A network connection will work at the highest speed that both cards can manage. So if you mix a network with 10Mb, 100Mb and 1Gb cards, whenever any card talks to a 10Mb card, the connection will always be at 10Mb as the 10 Mb card cannot work any faster. If a 100Mb card talks to another 100Mb card, the data transfer rate will be 100Mb as both cards can do 100Mb. 1Gb cards can therefore only transfer data at 1Gb per second when the other card and all intermediate network hardware is 1Gb.
For home use you can discount, 1Gb cards as they are very expensive as are other network components designed to work at the same speed. If you remember that to utilise the 1Gb capability, every other component to which the 1Gb card will communicate with must be 1Gb, it quickly becomes prohibitively expensive. 1Gb cards are only really used in network servers, or machines where fast data transfer is imperitive and these are usually only required by people who can afford it.

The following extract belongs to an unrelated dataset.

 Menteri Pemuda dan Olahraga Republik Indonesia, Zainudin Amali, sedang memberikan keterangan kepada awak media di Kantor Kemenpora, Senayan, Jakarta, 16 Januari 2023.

So your decision is basically between 10Mb and 100Mb and quite honestly, 10Mb is very outdated and as 100Mb are so cheap there is no real point to buying 10Mb unless you have a PC that only has old style ISA slots inside. Most modern PCs have PCI slots and can easily accomodate cards of either speed, though ISA slots are limited to 10MB cards (I think). So, if you have PCI slots you should get 100Mb cards. You can pick them up for as little as £10, maybe even £8. 10Mb ISA cards can be found for around £3 or 4 for £10 at computer fairs.
So thats that. To connect 2 computers together thats all you need hardware wise. A network card in each machine and crossover cable.
Other network hardware and connecting more than 2 PCs
So what are these other network components I keep mentioning or what if you want to connect more than 2 machines together?
Well basically, to connect more than 2 PCs together you will need a network hub or switch. These are small boxes with a number of network ports on designed to connect more than 2 PCs together. The difference between a hub and a switch is that a switch is designed to detect network traffic on the line and time the transmission of data along the line so as to avoid data collisions which would require each machine to restransmit it's data. This causes a major performance hit so switches are prefererable to hubs.
It is recommended that whether you use 10Mb or 100Mb cards you buy a 100Mb switch as it will run in 10Mb, but also prevent you from having to buy a new switch if you wish to add a 100Mb card to your network and will auto-negotiate the best speed for data transfers between any two given points on your network.
In addition to a switch you will also need different cables. You will need straight-through CAT 5 cable and along with a network card for every machine to connect it to the switch. Again at no more than 100 metres in length.
Note under Windows 2000 and Windows XP you will be need to have administrator privileges to carry out many of the actions described below.
If you have Windows 2000 or Windows XP, this is no more complicated than running the network setup wizard. All you have to remember is to give each machine a different computer name and use the same Workgroup name. This may also be the case with Windows ME but it's been too long since I used it to remember.
In WinXP, go to My Network Places and choose the Network Setup Wizard from the menu on the right. In Win2K, right-click My Computer and choose Network Identification. Choose Change and give your computer a unique name and ensure that the Workgroup option is selected and type in your Workgroup name remembering it must be the same for all machines on the network.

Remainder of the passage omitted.